VELOCITY - DEE JACOB [80]
At first, Viktor Kyzanski vociferously resisted this arrangement – Viktor wanted his factory. Amy finally convinced him that he was not going to get it, and Viktor relented.
To replace Murphy at Oakton, Kurt Konani was named production manager. Jayro Pepps was closely considered for the position, but Wayne argued that at this crucial time he needed someone fully imbued in Lean and Six Sigma. Jayro was only an LSS Green Belt. Amy agreed to give Wayne what he wanted, on condition that once Kurt had moved on – as presumably he would once the Lean cultural change was in place – Jayro would be first in line to replace him.
Jayro, for his part, was fine with this. He quietly let it be known that he was not sure he really wanted to run Oakton. Not now at least.
“Some little feelin’ I got,” Jayro said under his breath.
Amy was pleased with herself in arranging the whole thing. From her point of view, moving Murphy to Rockville was win-win all around. Murphy’s experience was bound to be of value to F&D. The move would let Murphy stay within Hi-T probably until retirement without losing much, and he would keep all his benefits.
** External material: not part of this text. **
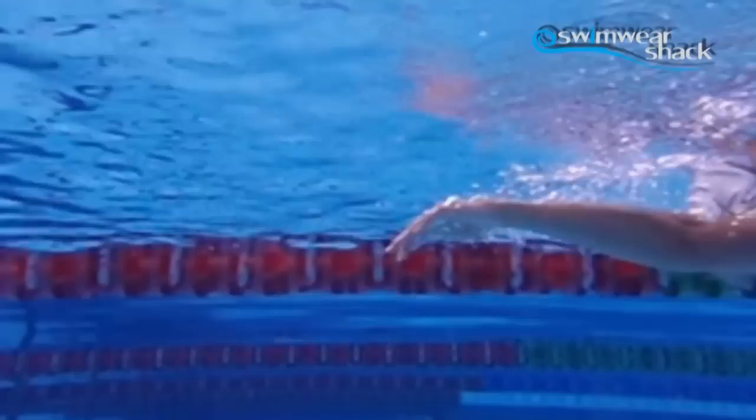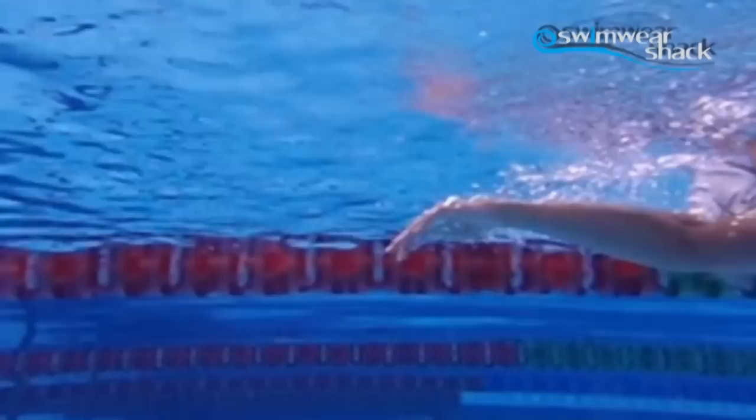Basically to use it, just clip the belt around your waist nice and tight and pull firm. Then when you jump in the water, just make sure the parachute lays out nice and long behind you.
Moreover, the new position was a means of moving Murph out of Wayne’s way, but still keep him a phone call away – just in case.
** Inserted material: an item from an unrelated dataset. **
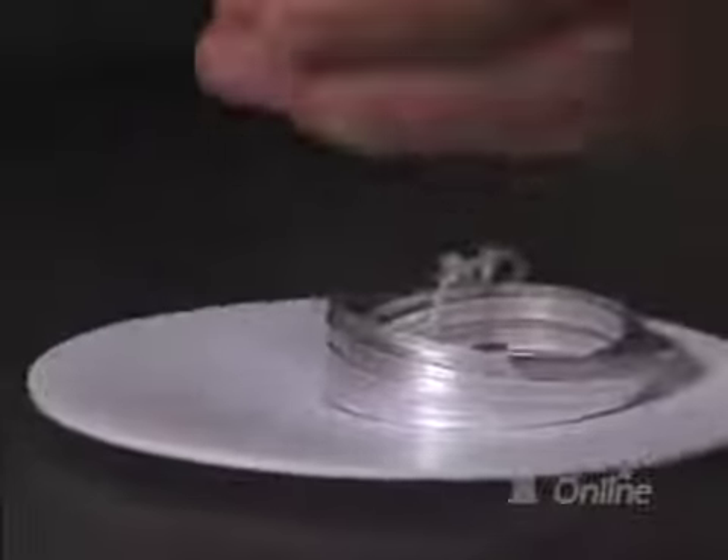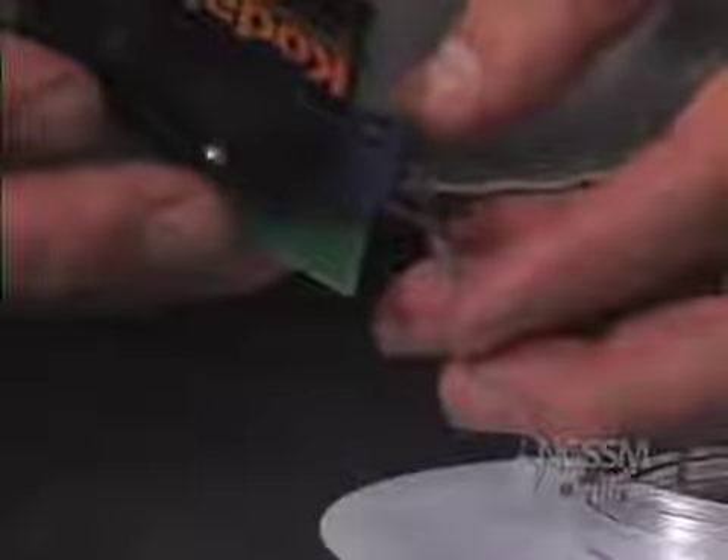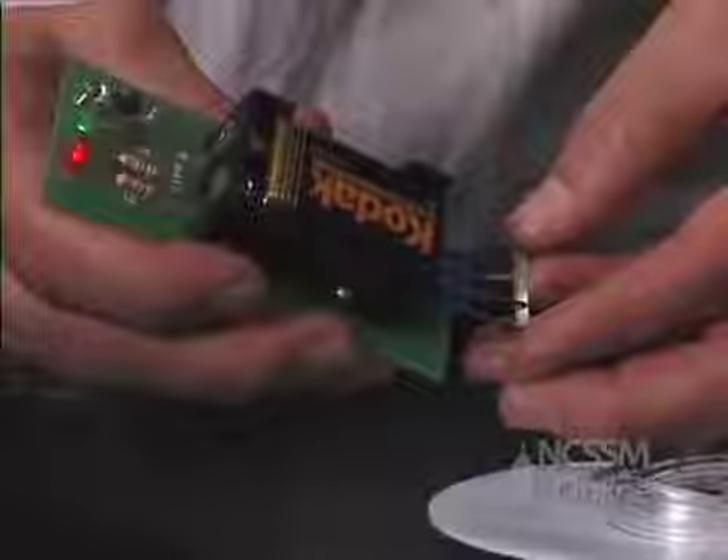The magnesium is an excellent conductor of electricity, as we can see using our conductivity tester. It's also a very malleable, flexible metal.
She asked Murphy to sit down with her for what was in effect an exit interview, although the move was a transfer, not a termination. When Murphy’s stocky frame filled her doorway on the appointed day, she sat him down and looked at his broad face and his receding silver-gray hair, and then decided his face had more color and his blue eyes were much cheerier than they had been. When she commented tactfully on this, he said that he had been sleeping better of late.
They talked about things, and then Amy said to Murphy, “I just have one more question. Not to open old wounds, but the system constraint at Oakton. You say it’s the autoclave, Godzilla.”
“Yes, ma’am, it is.”
“Wayne says that he is setting the M57 Line to be the system constraint.”
“No way,” said Murphy. “It won’t work.”
“But he’s establishing the M57 Line as being what he called ‘the pacemaker process.’ ”
“I do not understand Lean as completely as Wayne Reese. Heck, I don’t even advocate Lean necessarily. But a system constraint and a pacemaker process are not the same.”
“They’re not?”
“No, though I believe they are often confused with each other. A system constraint, managed properly, functions very well given ample reserve capacity both upstream and down. A pacemaker attempts a similar function, but does so with everything quote-unquote ‘-leveled’ – the balanced line. When real-world variability enters the equation, you’ve got problems.”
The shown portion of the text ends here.